Nach Jahren der Pause schwingt Wien wieder das Tanzbein. Die großen Bälle berichten von Andrang wie eh und je - auch wenn bei den Veranstaltern noch einige Vorsicht mitschwingt
Wann kann man sich sicher sein, dass die viel beschworene Normalität endgültig nach Wien zurückgekehrt ist? Barbara Payer weiß die Antwort: Wenn wieder getanzt wird. Die Organisatorin des traditionsreichen Jägerballs am 30. Jänner freut sich über „Kartenverkauf wie gewohnt: Wir sind ausverkauft.“ Es gebe nur noch Restkarten auf Anfrage.
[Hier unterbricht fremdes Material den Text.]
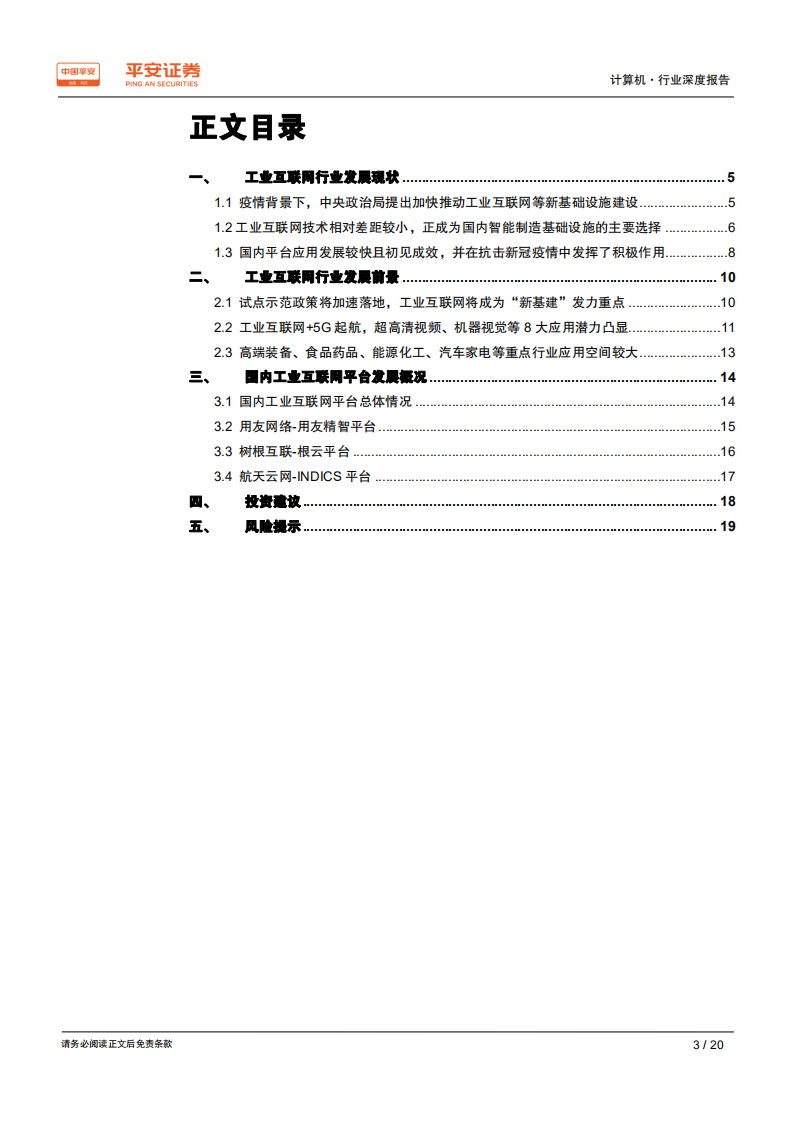 工业互联网搭上&ldquo;新基建&rdquo;快车，发展将提速.pdf 第3页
Die Vorfreude in ihrem Team sei „riesig, auch deswegen, weil wir den 100. Jägerball bereits zwei Mal coronabedingt absagen mussten.“ Auch bei den Besuchern trübt nichts die Vorfreude: „Die Gäste freuen sich sehr auf den Ball. Wir haben hier keine besorgten Anfragen.“
Wenn Covid sogar erfreuliche Folgen hat
Vier Tage nach dem Jägerball steht in der Hofburg der beliebte Kaffeesiederball an. Auch dessen Ballmutter Sabine Jäger „merkt, wie sich die Ballgäste wieder nach einem Ball gesehnt haben. Auch die Nachfrage aus dem Ausland ist sehr hoch.“ Die gelernte Vorsicht aus Corona-Zeiten hat für Besucher des Kaffeesiederballs sogar positive Folgen: Die Veranstalter haben sich entschlossen, diesmal weniger Karten aufzulegen, „damit den Ballgästen mehr Platz gegeben wird.“ - in anderen Worten: endlich Walzertanzen ohne Rempeleien.
Bittere Lehren aus Absagen der letzten Jahre
Nach den letzten Jahren mit ihren kostspieligen Absagen sind die Ballveranstalter vorsichtig geworden. Die meisten haben den Vorverkauf diesmal erst rund ein Monat später begonnen als zu Vor-Corona-Zeiten. Die große Nachfrage hat diesen Nachteil aber wieder ausgeglichen, heißt es etwa auch bei der Innung der Zuckerbäcker, die schon am 21. Jänner in der Hofburg feiert. Durch die Jahre der Pause gebe es inzwischen offenbar ein „sehr großes Bedürfnis, auf einen Ball zu gehen“, meint Innungsvertreter Kurt Schebesta.
Weiterhin gilt zudem die Pflicht zu Sicherheitskonzepten für Veranstaltungen, etwa durch mehr Platz bei Zugängen als es früher auf Bällen oft üblich war. Es geht aber noch sicherer: Am 16. Februar findet der (ausverkaufte) Opernball statt, der wie zuletzt 2020 wieder im TV übertragen wird und so daheim definitiv sicheres Vergnügen bietet - ganz ohne Zwang zu Frack und großer Robe obendrein.
Bälle als Turbo für Wiens Wirtschaft
Die Wiener Ballsaison feiert heuer ein fulminantes Comeback und das freut neben Veranstaltern und Gästen auch Handel und Gewerbe. „Besonders profitieren von der Ballsaison daher auch jene Betriebe in Wien, die sich auf Eventmanagement spezialisiert haben“, sagt Maria Smodics-Neumann, Spartenobfrau Handwerk und Gewerbe der WKW. So etwa Veranstaltungstechniker, Beleuchter und Beschaller.
Natürlich bedeutet die Ballsaison auch für die Juweliere, Goldschmiede und Uhrmacher eine Umsatzsteigerung. Es gäbe zwar kaum Neuanschaffungen, dafür werden viele Taschenuhren serviciert und gewartet. Auch bei Friseuren klingeln die Kassen. Denn der Trend zur Hochsteckfrisur für langes Haar als „Must-have“ zu jedem Ballkleid bleibt ungebrochen. Für das perfekte Make-up sorgen Visagisten.
Fehlt nur noch die passende Ballrobe für Frauen und ein Frack für die männlichen Besucher. Hier kommen Verleiher und Verkäufer wie „Lambert Hofer“ ins Spiel. „Ausländische Gäste haben ihren Frack oder Smoking bereits vorbestellt, aber wir sind natürlich auch für Last-Minute-Gäste gerüstet“, so Inhaberin Cornelia Hofer, die sich auf eine beschwingte Ballsaison freut.